Riscoprire la natura

Secondo Google Trends, a partire dal 2004 le tecniche di sopravvivenza conoscono un interesse crescente e hanno sperimentato un boom nel 2023. Hanno favorito il trend – rivelatosi prezioso per Docastaway – trasmissioni tv come Uomo vs. Natura (o L’ultimo sopravvissuto, un docu-reality) o Il sopravvissuto, un reality avventuroso condotto dall’esperto di sopravvivenza Les Stroud. Negli ultimi anni sono ricercate abilità di sopravvivenza come il foraging, la capacità di accendere fuochi e di costruire rifugi. Per rendersene conto, basta digitare “bushcraft” su YouTube per scoprire video e tutorial che insegnano un po’ di tutto, dall’usare un coltello a costruire un rifugio e a passare una notte all’addiaccio. Per esempio i video umoristici di “Ray Beers”, sul canale YouTube Haze Outdoors, hanno oltre 100.000 iscritti. Non va molto diversamente digitando il termine su Facebook o su TikTok.

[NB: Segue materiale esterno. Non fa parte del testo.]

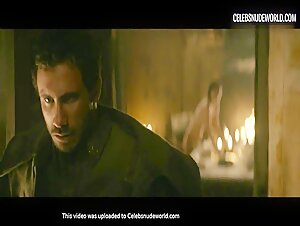 Nuria Prims Undressing, Screaming scene in Uncertain Glory (2017) 17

Secondo Liza Fenton, etnobotanica e antropologa alla University of Cumbria,”Il bushcraft sviluppa qualità interiori come pazienza, perseveranza, umiltà, osservazione e resilienza. Le persone si sentono rafforzate, più autonome e meno dipendenti dagli altri”. I nativi insegnano ai giovani tutto ciò, ma nelle società occidentali non lo si fa perché si ritiene superfluo imparare a riconoscere piante medicinali o funghi eduli ma, aggiunge l’esperta, “queste sono le competenze umane di base che ci hanno mantenuti vivi per millenni”.

Imparare a sopravvivere
E così, si prova a riprendere il contatto con la natura su un’isola deserta o seguendo corsi di sopravvivenza nei boschi o in montagna. O nel deserto, come propone Desert Island Survival, un’esperienza di 8 giorni ideata da Tom Williams, ex lavoratore della finanza e ormai ex depresso. Nei suoi corsi si impara a cercare acqua e cibo, a intrecciare letti e ceste con rami di palma e molto altro, dietro pagamento di circa 3500 €.

Natura di lusso
Sono tutte esperienze ricche di fascino e coinvolgenti, che certo richiedono coraggio, ancor più per restare soli soletti su un’isola lontana… Ma c’è pure la soluzione per una full immersion in paesaggi incontaminati senza rinunciare alle comodità: piattaforme come Airbnb offrono vacanze con tutti i comfort in dimore sperdute ai quattro angoli del mondo, anche tra i fiordi norvegesi e le isole scozzesi. Natura lussureggiante, sì, ma non senza lussi!